Sling the Mesh - the campaign begun by our reporter Kath Sansom - part of Government review ordered today by Prime Minister Theresa May
PUBLISHED: 10:26 22 February 2018 | UPDATED: 10:26 22 February 2018
The Prime Minister has ordered a review into three women’s health disasters – including vaginal mesh implants – the campaign begun three years ago by Cambs Times journalist Kath Sansom.
Ms Sansom was glued to the internet at Prime Minister’s Question Time today after being alerted to the likely of an imminent and major announcement by Theresa May.
The PM didn’t fail her.
Mrs May said she was ordering a review not only into vaginal mesh – and what has gone horribly wrong- but the review would also consider the pregnancy drug Priomodos and Valproate.
Her statement comes amid an admission that the regulation system has failed patients.
Ms Sansom has been a persistent opponent of Government inaction on mesh – her Facebook group has grown to more than 5,600 members and she has been a frequent lobbyist at the House of Commons and House of Lords whenever the issue has been raised.

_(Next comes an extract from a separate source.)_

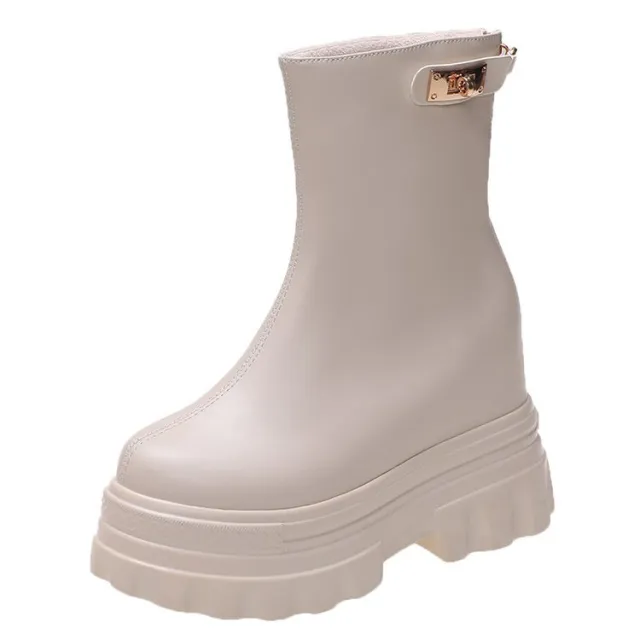 Internally Increased 4CM Short Boots Wedge Heel Flat Bottom Shows High Beige - Shop at LoveMi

Only two weeks ago around 50 members of the group, led by Ms Sansom, travelled from across Britain to join a protest outside the House of Lords.
They called on the Government to hear their voice with a slogan: ‘100 years of votes for women, now hear our voice, Sling the Mesh’.
Today’s announcement marks a significant development in the ‘Sling the Mesh’ campaign but Ms Sansom believes the fight will, and must, continue.
“Mesh implants can shrink, twist and degrade slicing into internal tissues and organs, causing agonising pain,” she said.
Of the other issues forming part of the Government review, she said Primodos was given to 1.5 million pregnant women from the 1950s and was withdrawn form the market in 1978. It caused birth defects.
Valproate was given for epilepsy or for women suffering bi-polar disorder. Campaigners say 20,000 children now suffer disabilities which can then be passed on in the next generation.”
Grouping together the common theme of the suffering caused to so many people, the Prime Minister said “There are very powerful stories. There’s an issue with our regulation in the health care system.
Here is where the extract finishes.